So, we can simply find $\theta$ that maximizes $L$ (or log($L$)):

$$ l(\theta) = log L(\theta) = log \prod\limits_{i=1}^m P(y_{i} \mid x^i;\theta) $$$$ l(\theta) = m \times log \frac{1}{\sqrt{2 \pi \sigma}} + \sum\limits_{i=1}^m - \frac{(y^i - \theta^{T}x^i)^2}{2 \sigma^2} $$

Maximizing $L(\theta)$ is the same as minimizing our initial least squares cost funtion, $J(\theta) = \frac{1}{2} \sum\limits_{i=1}^m (h_{\theta} (x^i) - y^i)^2$.

The least squares approach is in fact a special case of maximum likelihood.

Learning strategy 3: Analytical solution -¶

Rather than using an iterative algorithm, we can also try to find a closed-form solution for $\theta$ that minimizes $J(\theta)$.

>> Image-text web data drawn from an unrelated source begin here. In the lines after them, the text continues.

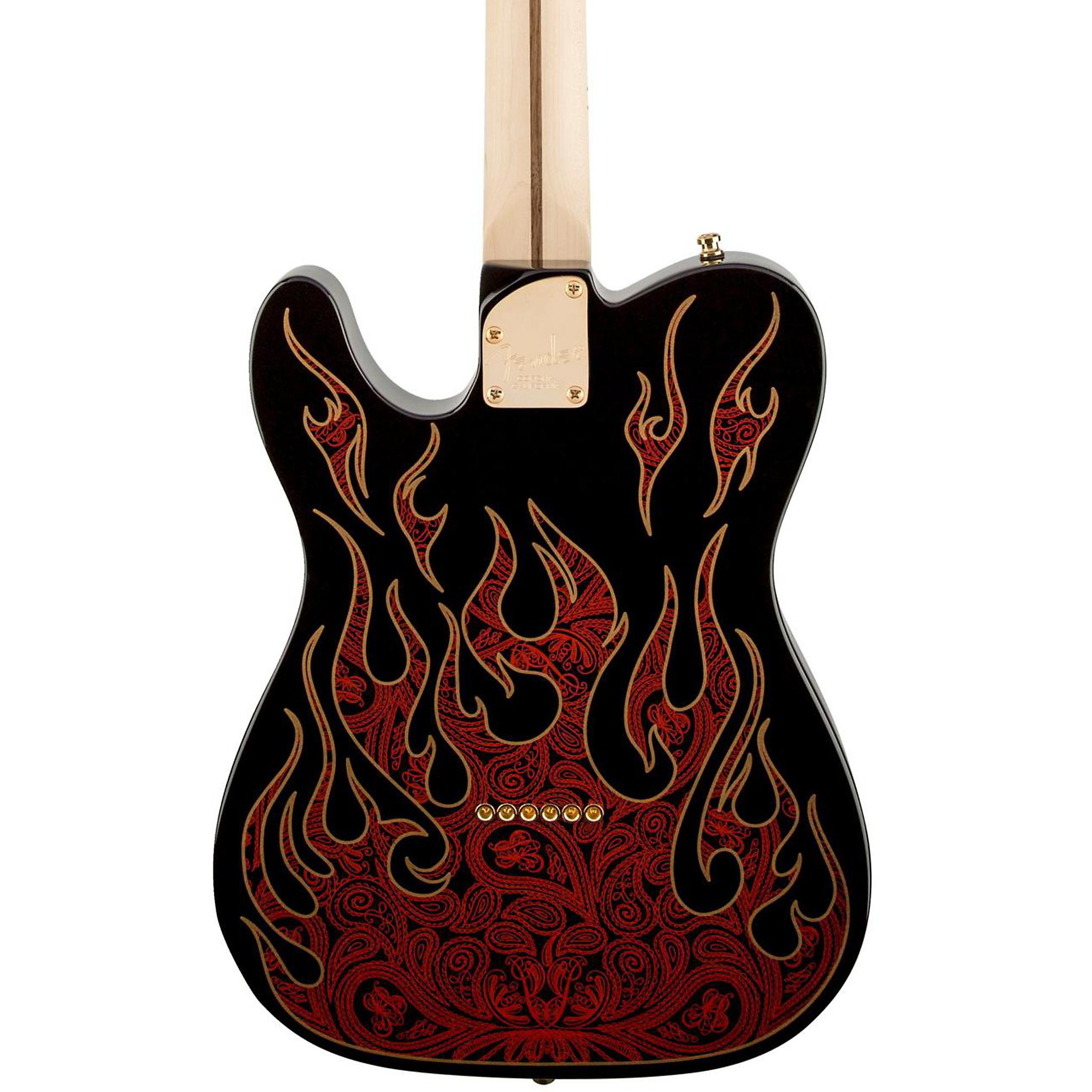 Fender Artist Series James Burton Telecaster Electric Guitar Red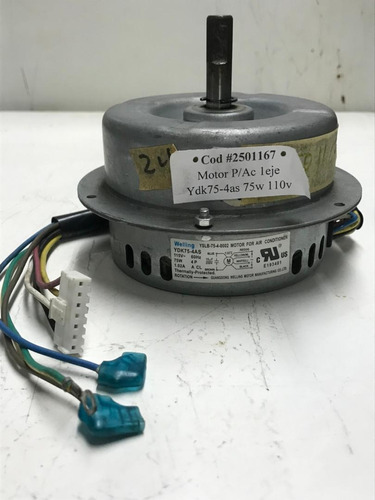 Motor Para Aire 1 Eje Ydk75 75w 110v 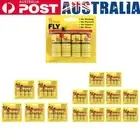 1/5/10 Pack Fly Sticky Paper Strip Hanging Bug Mosquito Killer Fruit Gnat Traps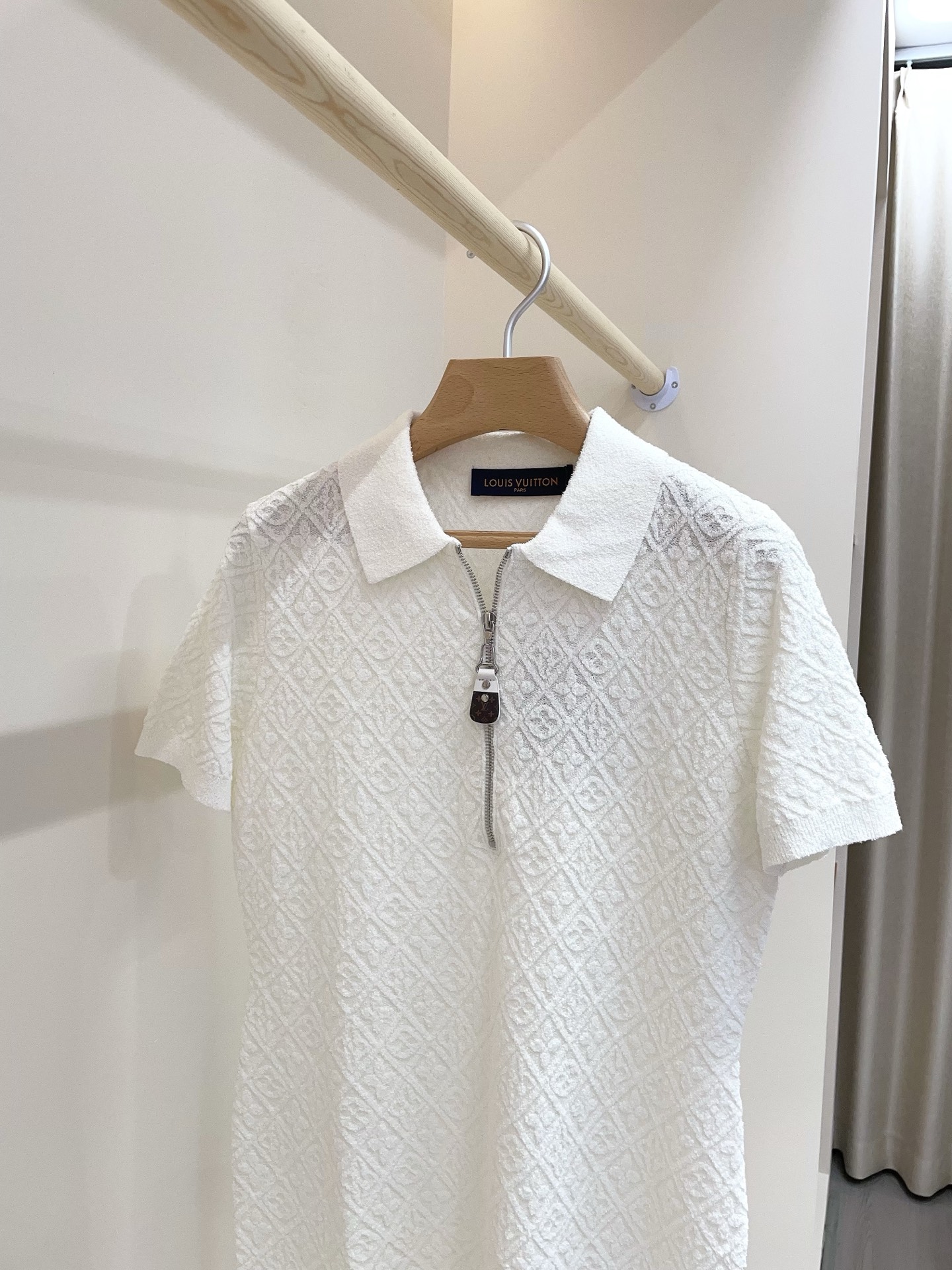 Louis Vuitton Women Jacquard Polo Dress, Short Sleeve Knitwear 6 i1751275625873 2891 0 5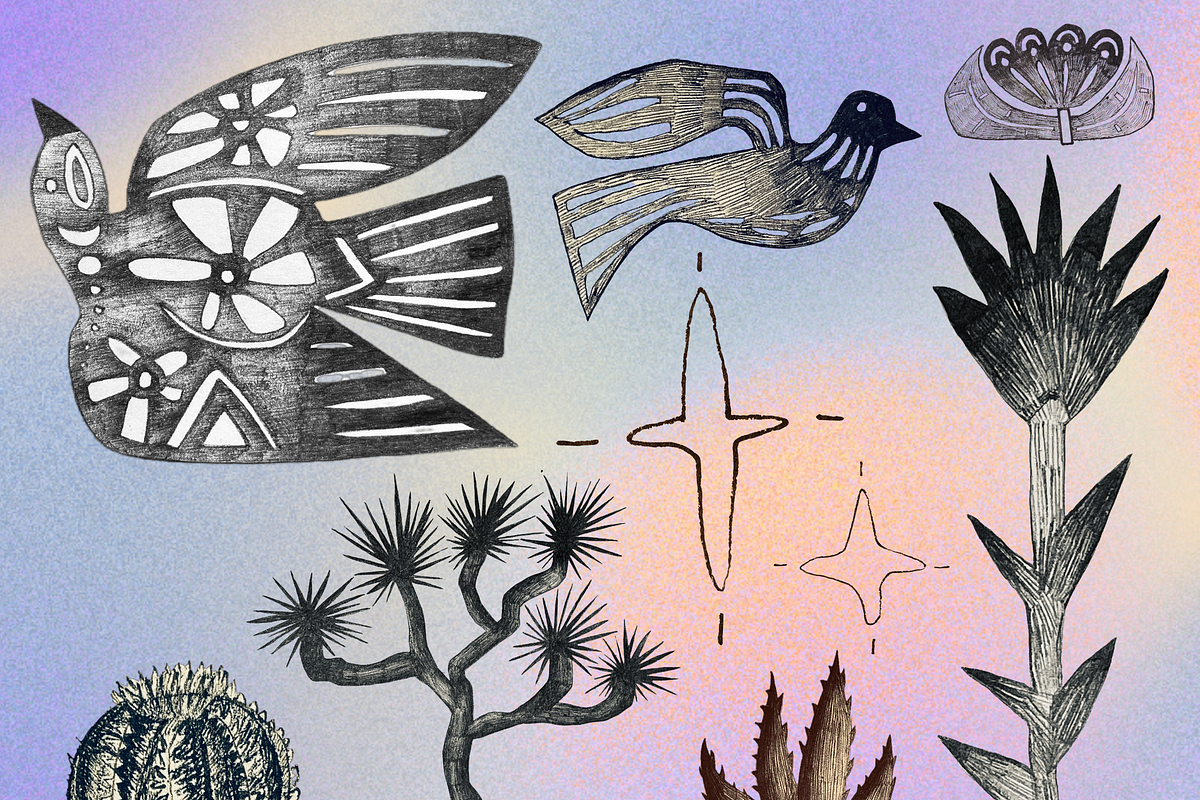 Desert Cowgirl Pen + Ink clipart, an Object Illustration by Eryn Rose Design (Photo 8 of 17)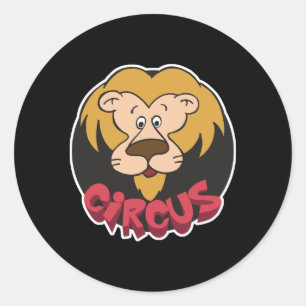 circus leeuw ontwerp ronde sticker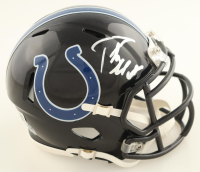 Pat McAfee Signed Colts Speed Mini Helmet (Beckett) at PristineAuction.com
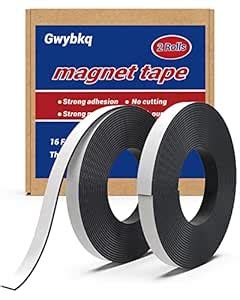 Magnetic Tape 2 Rolls 32ft Magnets with Strong Adhesive Backing ...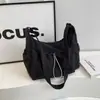 Bolsa Feminina Grande Capacidade Cor Sólida Tendência 2024 Nova Moda Bolsa de Ombro Sensação de Alto Padrão Casual Tote Bag Versátil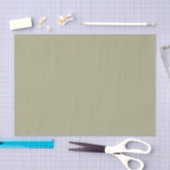 Papier Mousseline Vert Olive Anniversaire (Artisanat)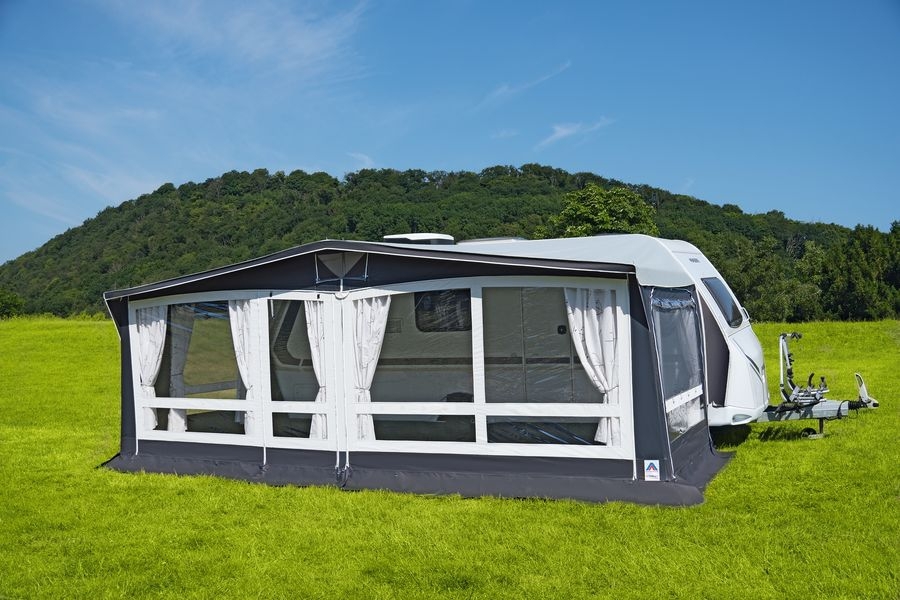 Reise- und Saison Vorzelt Bozen Gr. 5 Uml. 841-875 cm Tiefe 240 cm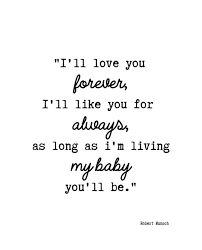 Printable Wall Decor I Ll Love You Forever Etsy Wall Decor Printables Wall Printables Printable Quotes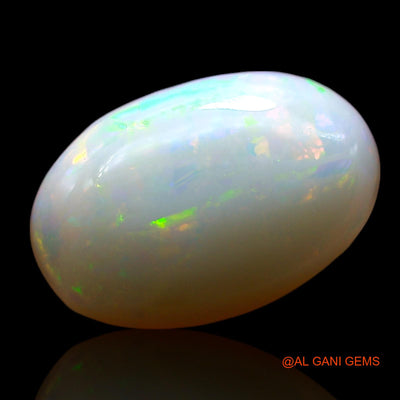 Natural Fire Opal Gemstone 2.00 Cts Loose Oval Cabochon From Australia 12x8x3 mm AE-581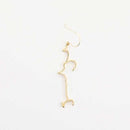[PIERCED EARRINGS] UTSUKUSHII (BEAUTIFUL) ONE EAR, GOLD (K10) | SAORI KUNIHIRO | METAL CASTING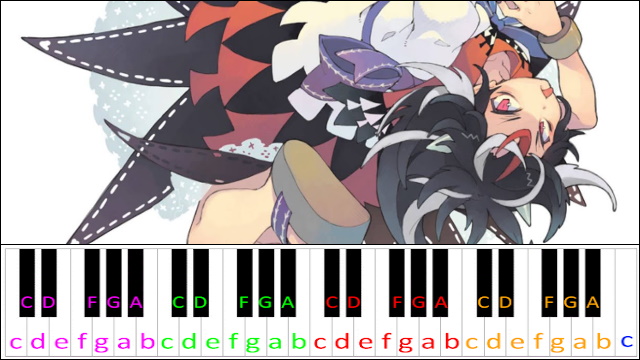 Reverse Ideology (Touhou) Piano / Keyboard Easy Letter Notes for Beginners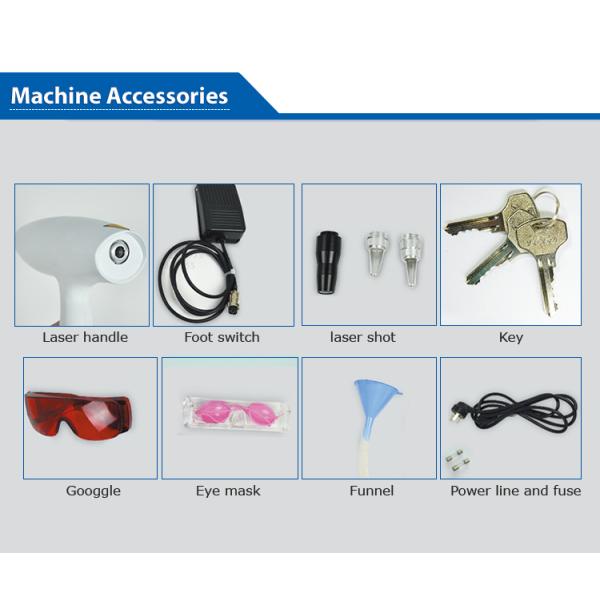 Máquina del laser del ND YAG del Q-interruptor de la peladura del carbono del retiro de la pigmentación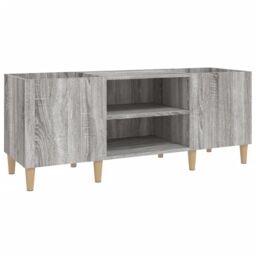Berkfield Home Record Cabinet Grey Sonoma 121x38x48 cm Engineered Wood - Size: 121 x 38 x 48 cm - thumbnail 2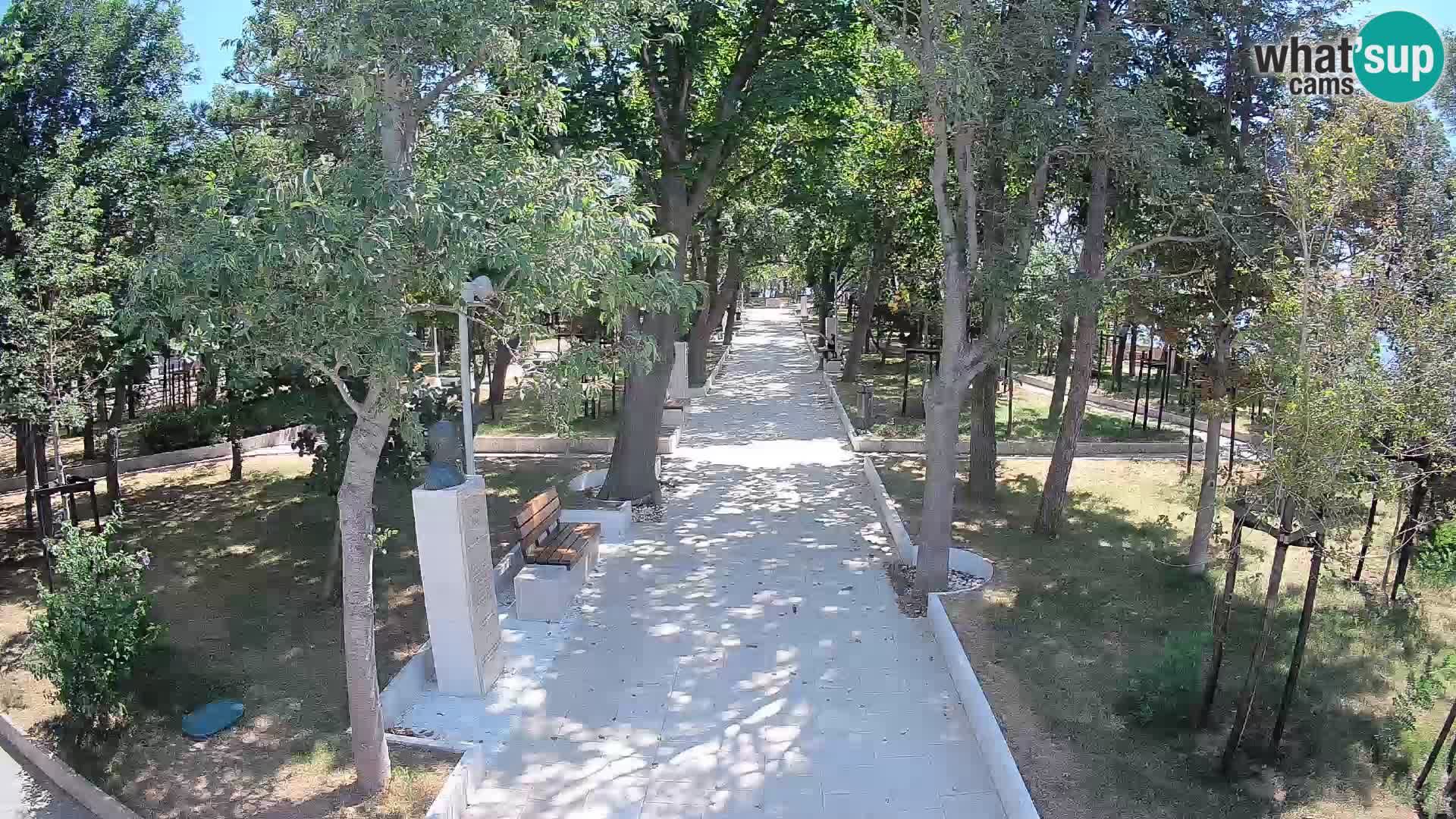 Writers’ Park Webcam Senj – Live by the Sea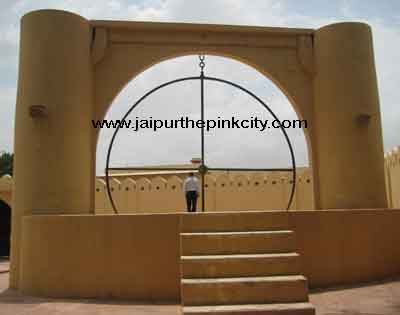 Unnatansha Yantra at observatory of Pink City Jaipur
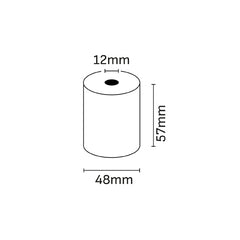 Oqonos Rollo de Papel Termico 57x48x12mm, Libre de BPA, FSC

After using matrix derivatives and some tricks (see CS229 notes), we end up with a simple expression:

$$ \nabla_{\theta} J(\theta) = X_T X \theta - X^T y_{tar} $$

Set this to zero in order get the value of $\theta$ at which there's no change in the cost funtion, indicating minimization:

$$ \theta = (X_T X)^{-1} X^T y_{tar} $$

Parameter evaluation with standard error and p-Value -¶

Of course, model parameterization with the training data is a general statistical approach.

Consider the simple case of computing the sample mean as an estimate of a population mean:

$\hat{\mu} = \frac{1}{n} \sum\limits_{i=1}^n y_i $

If we were to average means ($\hat{\mu}$) over many samples, the result will be close to the population mean.

Standard error of $\hat{\mu}$ gives us the accuracy of a single estimate:

var($\hat{\mu}$) = SE($\hat{\mu})^2$ = $ \frac{\sigma^2}{n} $

Importaintly, the $SE$ can be computed for trained paramters from linear regression (see the ISL text for the equations).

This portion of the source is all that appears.